Am nächsten Tag ist uns schon klar, das wir hier länger bleiben als geplant. Wir wollen Wäsche machen, ich will schreiben an meinem nächsten Kapitel, was in der Regel eine Nachtschicht bedeutet. Wir wollen die erstklassigen sanitären Anlagen ausgiebig nutzen. Wir wollen diese fantastische Aussicht und die grandiose Atmosphäre von diesem Ort auskosten. Oder einfach gesagt, einfach mal abhängen und chillen. Den Pool haben wir ganz vergessen zu nutzen und an die Bucht von Korinth sind wir auch nicht mehr gewandert. Mittlerweile hat ein Kreuzfahrtschiff dort angelegt und wir sind froh, vorher Delphi besucht und auch das Orakel befragt zu haben. Ich habe Maddi natürlich sofort eine Instagram Nachricht geschickt. „@maddi…, du wolltest wissen, wie der morgige Tag wird und ich habe das Orakel befragt und sogar noch mehr erfahren:

Das Orakel hat orakelt!

Die Sonne wird aufgehen und wieder untergehen. Die Gezeiten werden sich vollziehen. Auf Regen folgt Sonne und die Sterne werden den Himmel hell erleuchten, andernorts verdunkeln Wolken die Pracht des Nachthimmels. Festivals werden wieder stattfinden und in Innenräumen werden Konzerte gespielt. Reisen in ferne Länder werden möglich sein, ohne Beschränkungen und die Menschen werden tanzen, lachen und singen. Bier und Wein wird fließen in Strömen und Frohlocken wird all überall erklingen. Die Fußballweltmeisterschaft 2022 wird ……….. gewinnen (das Orakel hat’s mir verraten, aber ich will dir nicht die Spannung verderben oder mir Ärger mit den Buchmachern einhandeln) und es wird ein Mittel gegen den Kater erfunden werden.

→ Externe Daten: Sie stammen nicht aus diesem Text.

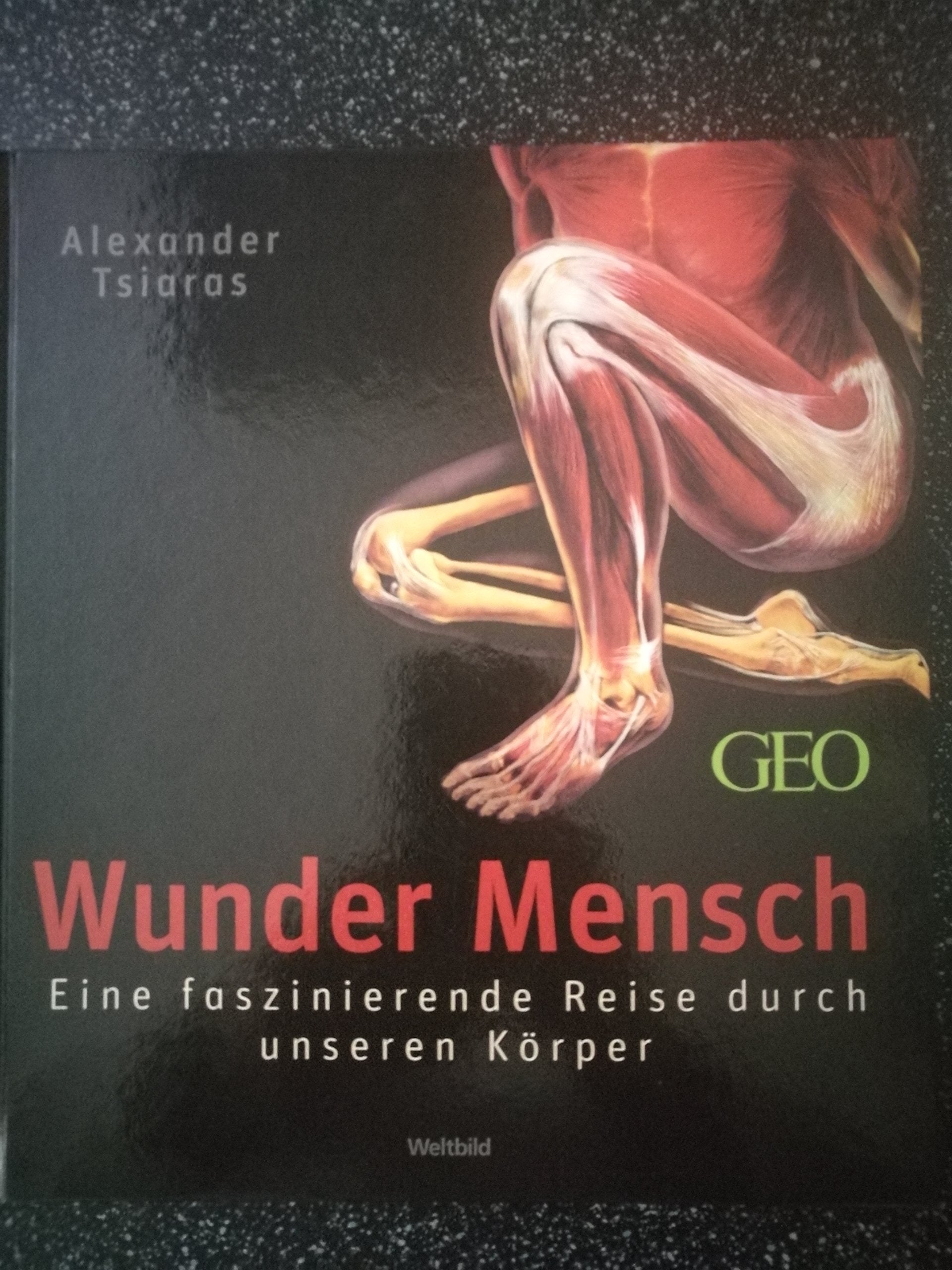 Wunder Mensch: Eine faszinierende Reise durch unseren Körper Medicine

Mehr habe ich nicht erfahren, danach war Stille. Aber ich darf wiederkommen, eines Tages. Dann werde ich alles erfahren was ich wissen will. So hieß es an jenem Tag beim Orakel von Delphi.

Den kommenden Abend will ich an meinem Blog arbeiten, an Albania Chapter I. Ich bin leider immer viel zu sehr hinterher.

(Notiz am Rande: jetzt am 28.10.2021 in der Nacht, sitze ich in Tiflis, auf einem Parkplatz an der Public Service Hall, auf dem wir für ca. eine Woche stehen werden, arbeitend an Greece Chapter II, d.h. ich arbeite in Georgien noch an Griechenland, die Türkei muss ich noch nacharbeiten, das erste Mal also zwei Länder voraus) Aber an diesem milden Abend, in dieser klaren Nacht, mit dem besten Schreibtisch, den man sich nur vorstellen kann, will ich das Kapitel Albanien fertig stellen. Bier auf den Tisch, eine volle Kanne mit heißem Tee, Kerzen und Lampen an und ich haue in die Tasten. Gegen Morgen, nach etlichen Bieren und der Kanne Tee bin ich fertig.

Der beste Scheibtisch der Welt!

Jetzt können wir weiterreisen nach Meteora… Nur noch vorher ausnüchtern.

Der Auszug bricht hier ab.